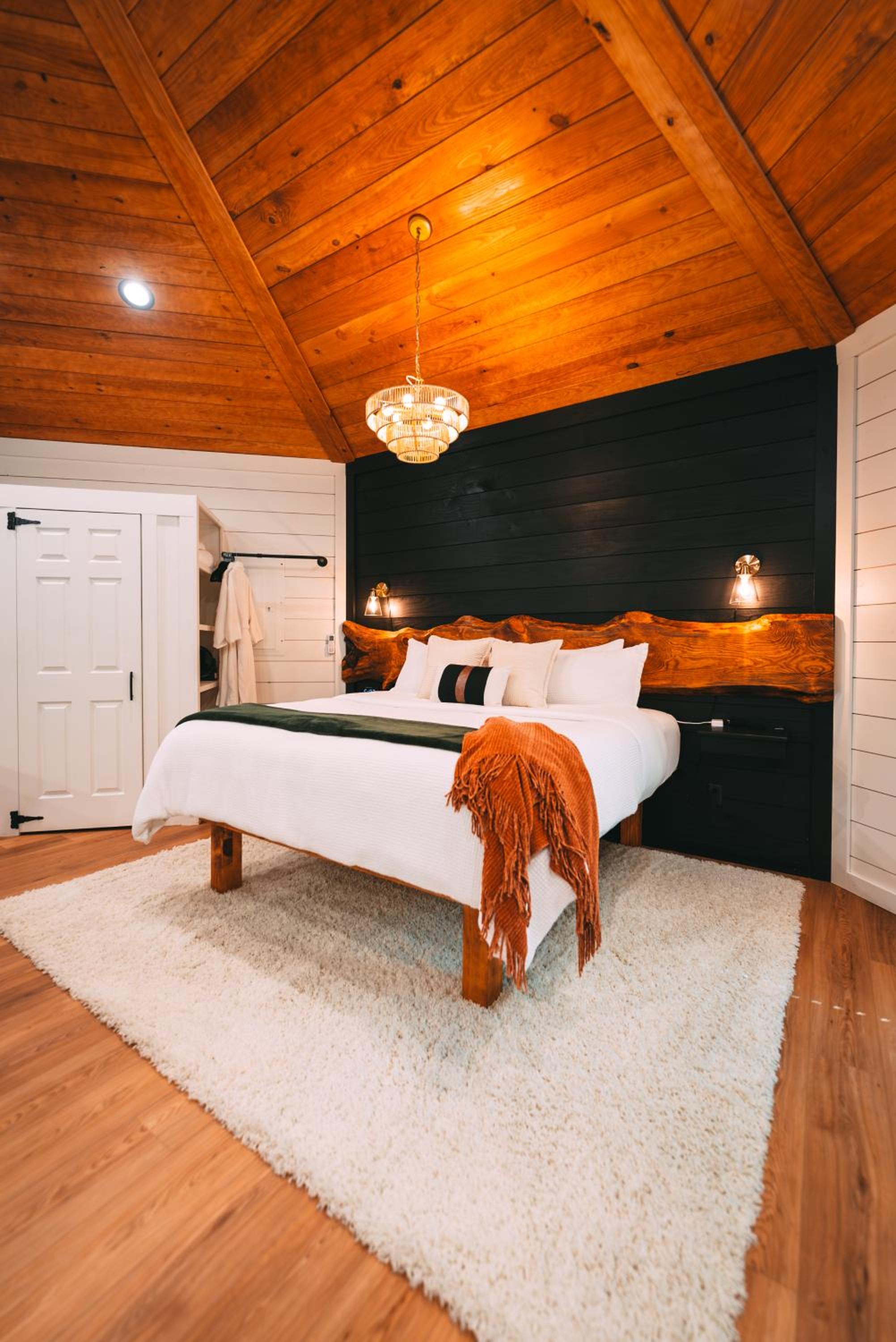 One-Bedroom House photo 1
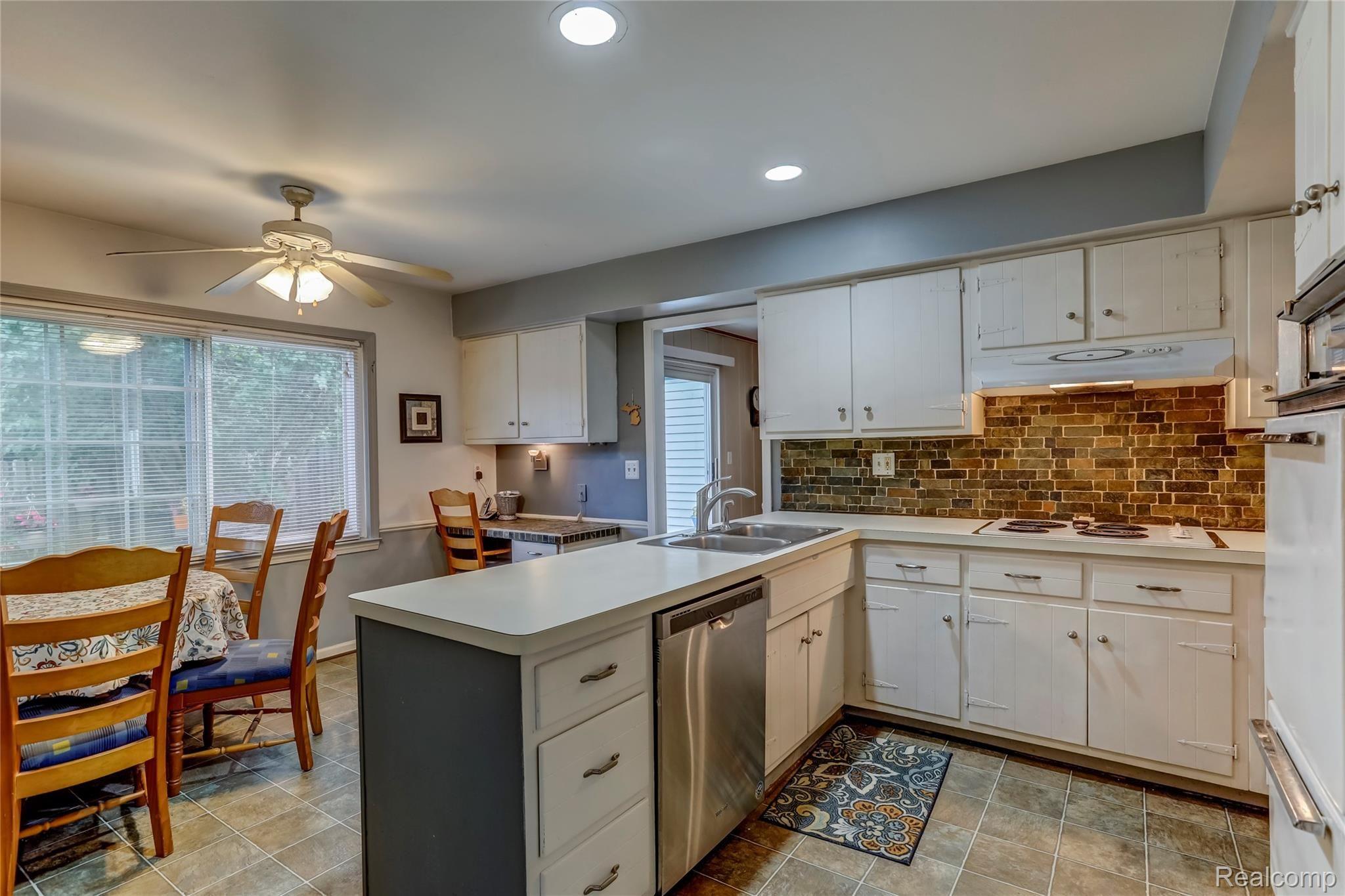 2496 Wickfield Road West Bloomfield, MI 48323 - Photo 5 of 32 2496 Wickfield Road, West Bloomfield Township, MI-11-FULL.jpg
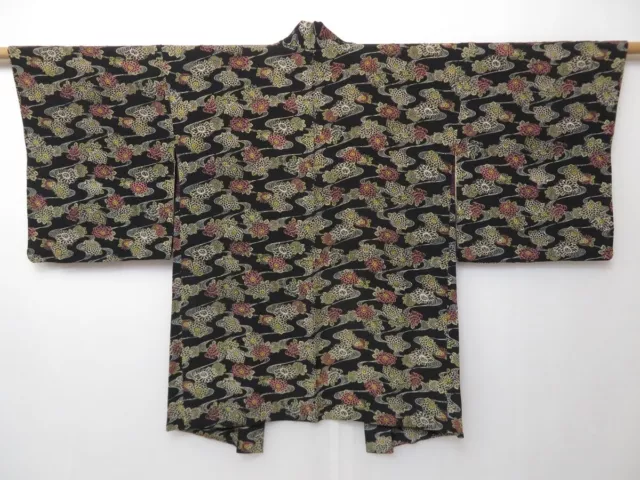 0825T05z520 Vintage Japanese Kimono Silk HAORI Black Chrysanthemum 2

=-=-=

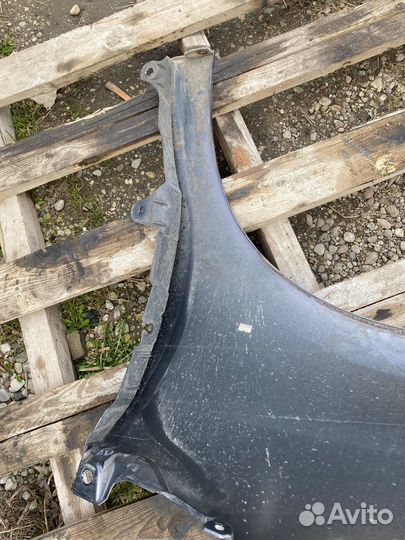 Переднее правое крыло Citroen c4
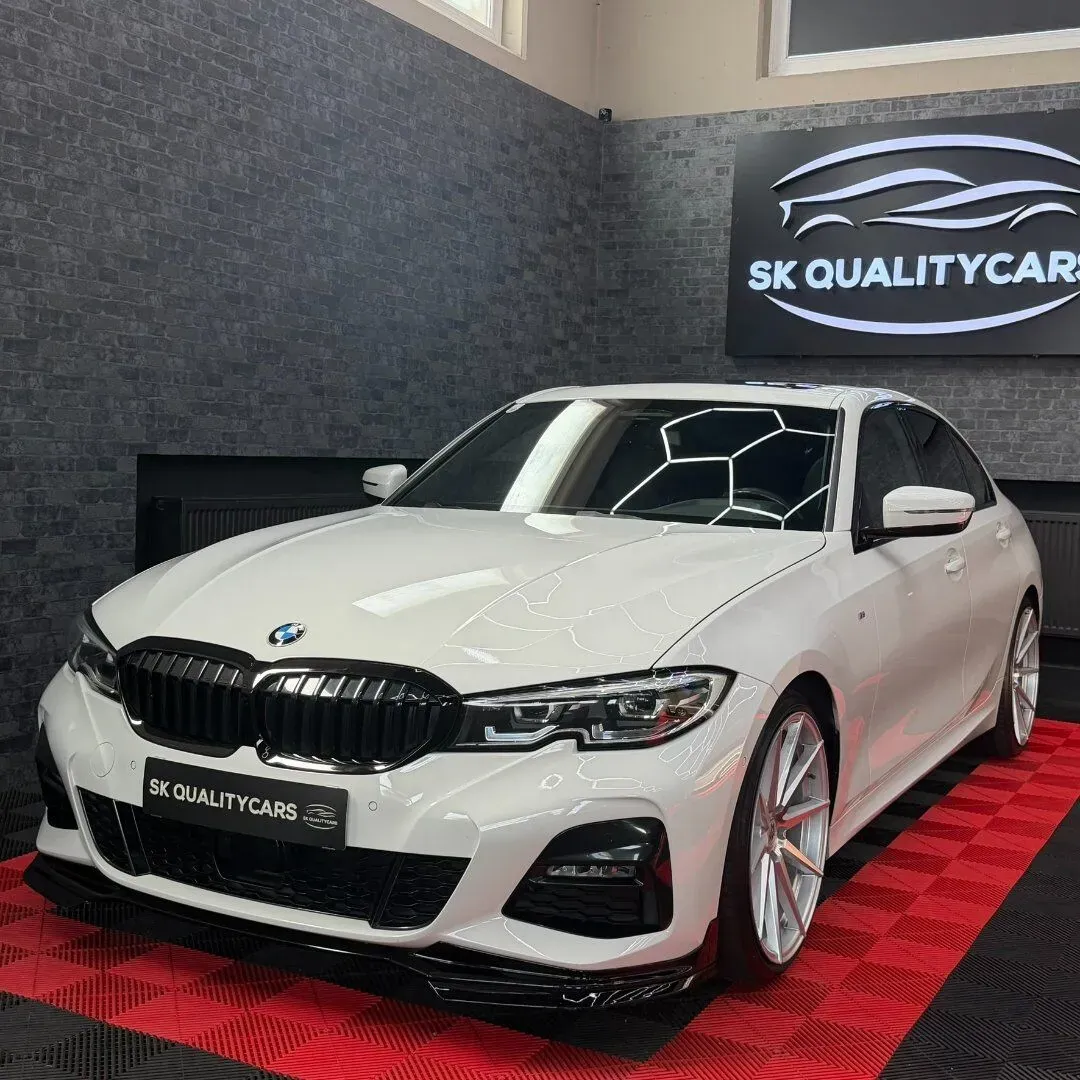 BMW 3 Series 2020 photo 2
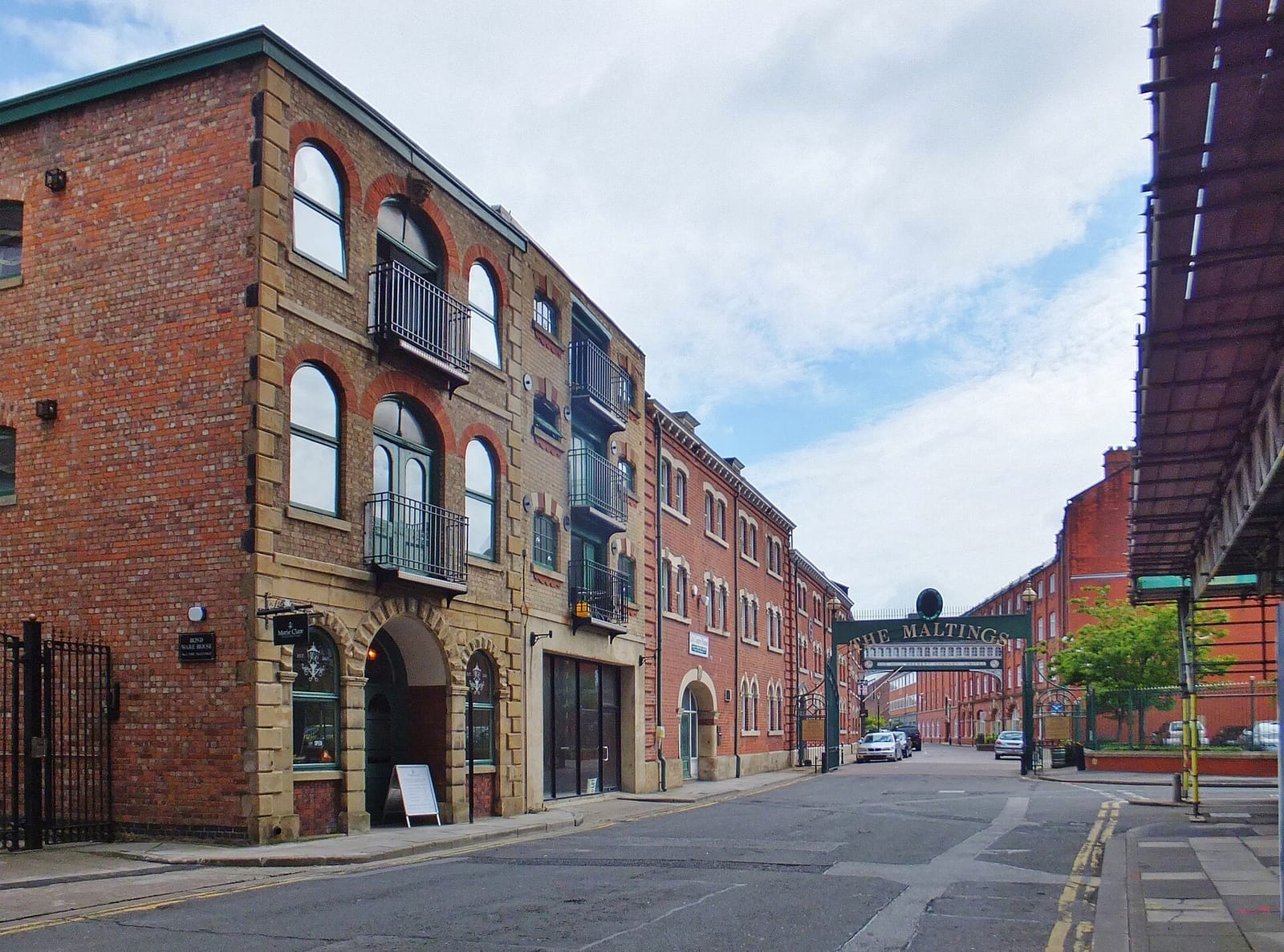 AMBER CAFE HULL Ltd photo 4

=-=-=

## [Exercise aim]
In the listing above, find the line containing "BMW 3 Series 2020 photo 2" and the line containing "AMBER CAFE HULL Ltd photo 4", then output those two lines and everything between them exactly as written, without the images.

## [Exercise solution]
 BMW 3 Series 2020 photo 2
 AMBER CAFE HULL Ltd photo 4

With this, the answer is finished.